I have looked in the wikipedia reference, Rational quadratic forms by Cassels. It is suggested there that this follows from: $41 \in \mathbb{Q}_2^{\times}$, $2 \in \mathbb{Q}_{41}^{\times}$ and this lemma. However, I have two problems:
I do not understand the last step of the lemma. I do not understand how can we "extend" a primitive representation of 1 to an integral equivalence with $x_1^2+u_1u_2x_2^2$. I do not understand very what "extend" means.

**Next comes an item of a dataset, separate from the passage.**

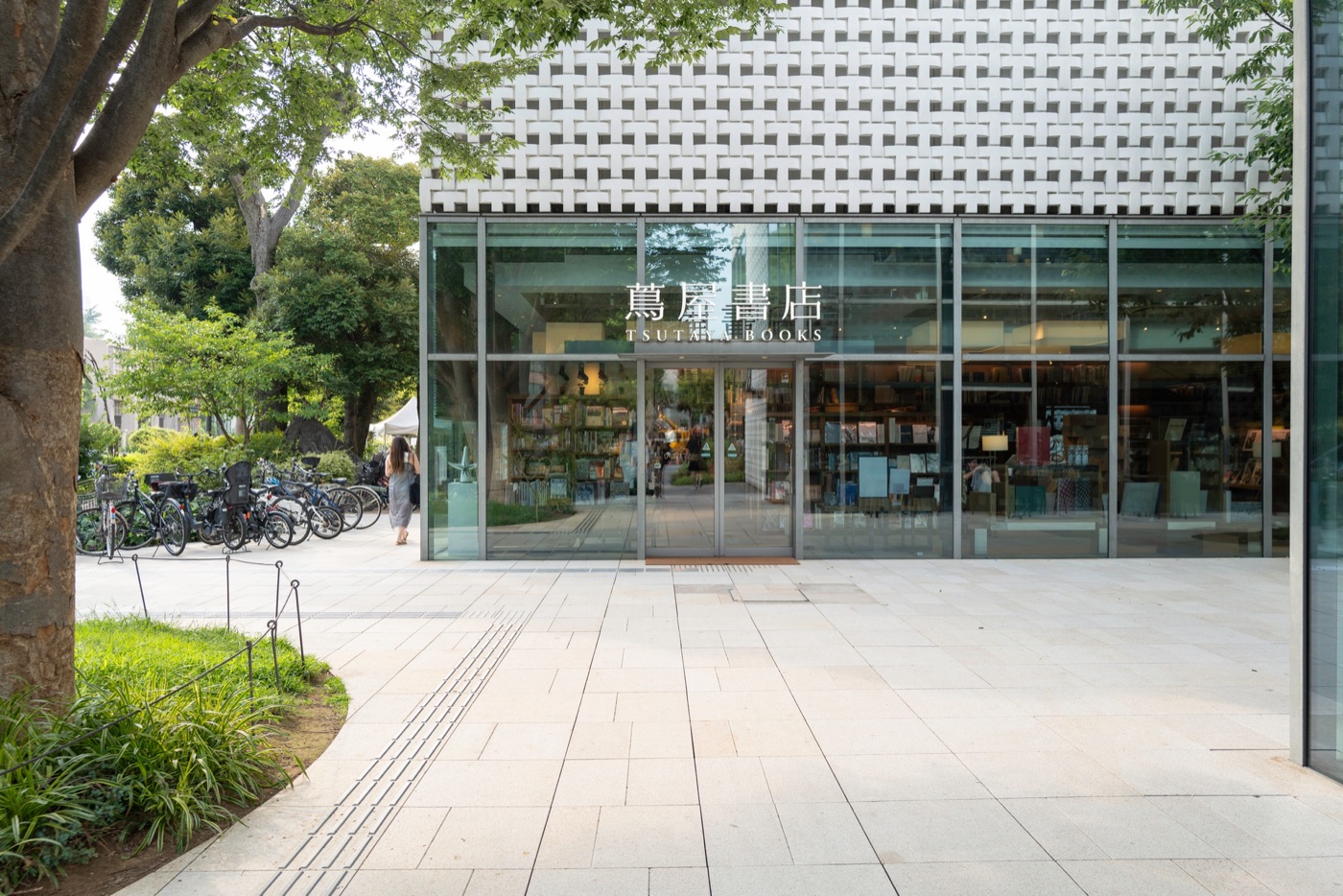 daikanyama t site a literary and architectural marvel photo 6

I do not understand why the case $p=2, 41$ follows from $41 \in \mathbb{Q}_2^{\times}$, $2 \in \mathbb{Q}_{41}^{\times}$. E.g., if $p=41$, if $2 \in \mathbb{Q}_{41}^{\times}$, we can solve equation (1), but I don't see why we can solve equation (3).
If someone could help me understand these two questions of give me an alternative way to show this, I'd appreciate it.
This is Siegel's approach. It is chapter V in The Arithmetic Theory of Quadratic Forms by Burton Wadsworth Jones; pages 105-121. I will need to check how Cassels does this.....
Anyway, the two matrix identities below are a proof that $x^2 + 82 y^2$ and $2x^2 + 41 y^2$ are in the same genus. Each represents the other ``rationally without essential denominator,'' as $7$ does not divide the discriminant. Just divide everything certain matrices by $7$ to make the rationals appear, as in
$$\left( \begin{array}{rr} \frac{4}{7} & \frac{1}{7}\\ \frac{-41}{7}& \frac{2}{7} \\ \end{array} \right) $$
$$ \bigcirc \bigcirc \bigcirc \bigcirc \bigcirc \bigcirc \bigcirc \bigcirc \bigcirc \bigcirc \bigcirc \bigcirc \bigcirc \bigcirc \bigcirc \bigcirc \bigcirc \bigcirc \bigcirc \bigcirc \bigcirc \bigcirc \bigcirc \bigcirc $$
$$\left( \begin{array}{rr} 4 & 1 \\ -41 & 2 \\ \end{array} \right) \left( \begin{array}{rr} 1 & 0 \\ 0 & 82 \\ \end{array} \right) \left( \begin{array}{rr} 4 & -41 \\ 1 & 2 \\ \end{array} \right) = \left( \begin{array}{rr} 98 & 0 \\ 0 & 2009 \\ \end{array} \right) = 49 \left( \begin{array}{rr} 2 & 0 \\ 0 & 41 \\ \end{array} \right) $$
$$ \bigcirc \bigcirc \bigcirc \bigcirc \bigcirc \bigcirc \bigcirc \bigcirc \bigcirc \bigcirc \bigcirc \bigcirc \bigcirc \bigcirc \bigcirc \bigcirc \bigcirc \bigcirc \bigcirc \bigcirc \bigcirc \bigcirc \bigcirc \bigcirc $$
$$\left( \begin{array}{rr} 2 & 1 \\ -41 & 4 \\ \end{array} \right) \left( \begin{array}{rr} 2 & 0 \\ 0 & 41 \\ \end{array} \right) \left( \begin{array}{rr} 2 & -41 \\ 1 & 4 \\ \end{array} \right) = \left( \begin{array}{rr} 49 & 0 \\ 0 & 4018 \\ \end{array} \right) = 49 \left( \begin{array}{rr} 1 & 0 \\ 0 & 82 \\ \end{array} \right) $$
$$ \bigcirc \bigcirc \bigcirc \bigcirc \bigcirc \bigcirc \bigcirc \bigcirc \bigcirc \bigcirc \bigcirc \bigcirc \bigcirc \bigcirc \bigcirc \bigcirc \bigcirc \bigcirc \bigcirc \bigcirc \bigcirc \bigcirc \bigcirc \bigcirc $$
Let's see, for a prime $q \neq 2,3,41$ with Legendre $(-328|q) = 1,$ there is an integer expression $u^2 + 82 y^2 = q$ if and only if $x^4 + 6x^2 + 41$ factors into four distinct linear factors in the integers $\pmod q$